Gregory's legacy livesMonday, October 26, 2020
BY BRIAN BONITTO
JUNE Isaacs, widow of reggae singer Gregory Isaacs, led a small delegation comprising close family members and friends to Dovecot Memorial Park & Crematorium in St Catherine, yesterday to mark the 10th anniversay of the entertainer's passing.
“His memory will always live on. We have to show some appreciation for him not only as a musician but as a dad, a husband, and friend. As the head of the estate and head of the foundation, I think it's my duty to pay the respects in one way or the other,” Isaacs told the Jamaica Observer.
“Gregory's eldest daughter, Jacqueline, and few more relatives, and myself, just went there and laid a dozen red roses on his grave.”
Isaacs said it didn't seem like a decade had passed by since her husband's death.
“His things are still in place at home. Most of his clothes are still in the closet... His pictures are there. Even when his kids come from abroad, they just come and look. Mi nuh dash wey nutten,” she said.

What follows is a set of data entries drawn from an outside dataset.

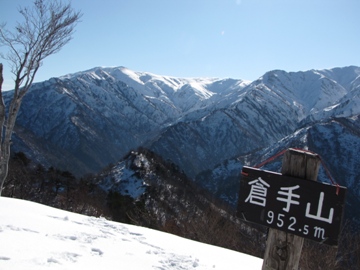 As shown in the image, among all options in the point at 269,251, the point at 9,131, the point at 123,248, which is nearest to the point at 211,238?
the point at 9,131

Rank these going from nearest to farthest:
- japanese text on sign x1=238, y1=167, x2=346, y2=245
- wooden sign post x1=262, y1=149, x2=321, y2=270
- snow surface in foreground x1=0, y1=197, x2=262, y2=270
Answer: japanese text on sign x1=238, y1=167, x2=346, y2=245 → wooden sign post x1=262, y1=149, x2=321, y2=270 → snow surface in foreground x1=0, y1=197, x2=262, y2=270

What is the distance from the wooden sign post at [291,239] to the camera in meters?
3.87

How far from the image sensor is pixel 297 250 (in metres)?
3.88

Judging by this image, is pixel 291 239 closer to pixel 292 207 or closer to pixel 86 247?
pixel 292 207

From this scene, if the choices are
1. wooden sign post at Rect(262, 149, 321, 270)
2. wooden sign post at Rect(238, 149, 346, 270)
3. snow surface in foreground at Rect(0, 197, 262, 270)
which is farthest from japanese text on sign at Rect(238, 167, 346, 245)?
snow surface in foreground at Rect(0, 197, 262, 270)

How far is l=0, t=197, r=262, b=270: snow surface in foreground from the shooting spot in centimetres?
521

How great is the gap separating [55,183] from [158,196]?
38.4 meters

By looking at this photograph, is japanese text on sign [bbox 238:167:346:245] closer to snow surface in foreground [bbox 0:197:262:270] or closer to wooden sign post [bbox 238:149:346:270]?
wooden sign post [bbox 238:149:346:270]

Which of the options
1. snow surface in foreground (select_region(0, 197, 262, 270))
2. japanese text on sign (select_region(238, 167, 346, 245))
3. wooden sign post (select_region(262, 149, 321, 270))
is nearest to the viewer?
japanese text on sign (select_region(238, 167, 346, 245))

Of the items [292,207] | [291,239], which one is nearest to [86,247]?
[291,239]

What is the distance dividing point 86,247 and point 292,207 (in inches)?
175

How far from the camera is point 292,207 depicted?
387cm

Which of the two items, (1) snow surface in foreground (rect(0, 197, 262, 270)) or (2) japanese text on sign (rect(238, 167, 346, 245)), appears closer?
(2) japanese text on sign (rect(238, 167, 346, 245))

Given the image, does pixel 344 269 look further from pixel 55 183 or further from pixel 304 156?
pixel 55 183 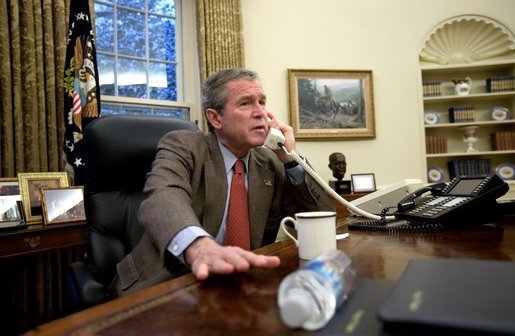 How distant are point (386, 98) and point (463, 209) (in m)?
3.05

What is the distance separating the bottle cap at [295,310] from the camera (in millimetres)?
378

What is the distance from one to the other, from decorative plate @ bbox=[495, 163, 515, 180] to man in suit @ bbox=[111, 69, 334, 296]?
11.1 feet

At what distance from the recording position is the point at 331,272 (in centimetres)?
42

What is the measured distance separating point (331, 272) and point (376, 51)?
392 centimetres

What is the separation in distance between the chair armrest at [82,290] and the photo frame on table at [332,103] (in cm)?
289

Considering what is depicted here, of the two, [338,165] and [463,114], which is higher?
[463,114]

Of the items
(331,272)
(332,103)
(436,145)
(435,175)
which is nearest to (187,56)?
(332,103)

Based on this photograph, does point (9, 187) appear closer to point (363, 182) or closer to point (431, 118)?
point (363, 182)

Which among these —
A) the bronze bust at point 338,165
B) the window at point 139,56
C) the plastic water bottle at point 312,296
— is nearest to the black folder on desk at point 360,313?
the plastic water bottle at point 312,296

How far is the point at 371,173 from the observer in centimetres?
370

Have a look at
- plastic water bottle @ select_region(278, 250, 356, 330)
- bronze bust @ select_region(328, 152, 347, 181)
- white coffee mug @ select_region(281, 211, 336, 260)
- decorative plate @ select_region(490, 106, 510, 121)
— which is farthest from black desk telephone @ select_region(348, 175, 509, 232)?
decorative plate @ select_region(490, 106, 510, 121)

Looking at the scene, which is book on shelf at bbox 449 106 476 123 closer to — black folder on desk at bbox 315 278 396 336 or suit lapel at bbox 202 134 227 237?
suit lapel at bbox 202 134 227 237

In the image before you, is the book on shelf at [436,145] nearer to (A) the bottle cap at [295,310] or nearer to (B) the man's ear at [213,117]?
(B) the man's ear at [213,117]

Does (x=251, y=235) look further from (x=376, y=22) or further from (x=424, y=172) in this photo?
(x=376, y=22) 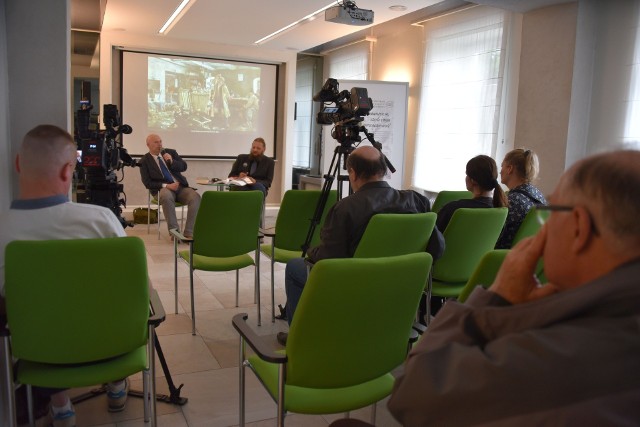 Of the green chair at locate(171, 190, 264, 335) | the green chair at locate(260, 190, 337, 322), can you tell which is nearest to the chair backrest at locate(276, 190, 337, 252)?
the green chair at locate(260, 190, 337, 322)

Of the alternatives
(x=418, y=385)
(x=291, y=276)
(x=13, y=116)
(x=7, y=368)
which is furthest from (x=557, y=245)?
(x=13, y=116)

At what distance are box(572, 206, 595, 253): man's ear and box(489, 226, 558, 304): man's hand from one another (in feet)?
0.25

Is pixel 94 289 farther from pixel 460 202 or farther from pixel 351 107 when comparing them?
pixel 351 107

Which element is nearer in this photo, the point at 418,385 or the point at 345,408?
the point at 418,385

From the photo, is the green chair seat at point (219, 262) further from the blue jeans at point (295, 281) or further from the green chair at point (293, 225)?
the blue jeans at point (295, 281)

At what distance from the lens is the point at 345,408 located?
1695mm

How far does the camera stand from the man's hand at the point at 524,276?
0.92m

Isaacs, dubbed reggae's Cool Ruler, died in a London hospital of cancer in 2010. He was 60.
She vividly remembers their last conversation.
“We spoke in Jamaica. He told me he was going to England to do a surgery and he'll be okay. He gave me some property tax papers, discussed some stuff, and left some money for me then he went off... When he went up, he called me and said he's not doing the surgery anymore but he's okay. That was it,” she said.
For the past four years, Isaacs has kept her husband's memory alive by organising a concert dubbed Red Rose for Gregory. American singers Deniece Williams, Peabo Bryson, Regina Belle as well as local acts including Sanchez and Third World have performed at the event.
Part proceeds from the concert are in aid of the Patricia House Rehabilitation Center for persons suffering from drug and alcohol addiction. Isaacs battled cocaine addiction which led to the establishment of the Gregory Isaacs Foundation, which assists people facing similar challenges.
Born in Denham Town, west Kingston, on July 15, 1950, Gregory Isaacs made his recording debut in 1968 as Winston Sinclair, with the single Another Heartache. He teamed up with two other vocalists, Penroe and Bramwell, for the short-lived trio The Concords, who recorded for producers Rupie Edwards and Prince Buster.
In 1973, he and another young singer, Errol Dunkley, started the African Museum label and soon had a massive hit with My Only Lover.
His songs, including Night Nurse, Love Is Overdue, Rumours, and Hot Stepper, continue to dominate the airwaves.
In 2016, he was posthumously awarded the Order of Distinction (Officer Class) by the Jamaican Government for his contribution to the country's music.
“It's a journey and me deh pon it. So I'll just travel on the journey until I get lame. I'm doing the best I can because there were very good times. I'll never forget him. He has taught me everything I know, so me haffi give thanks and mi haffi just keep whatever mi can keep alive,” his widow added.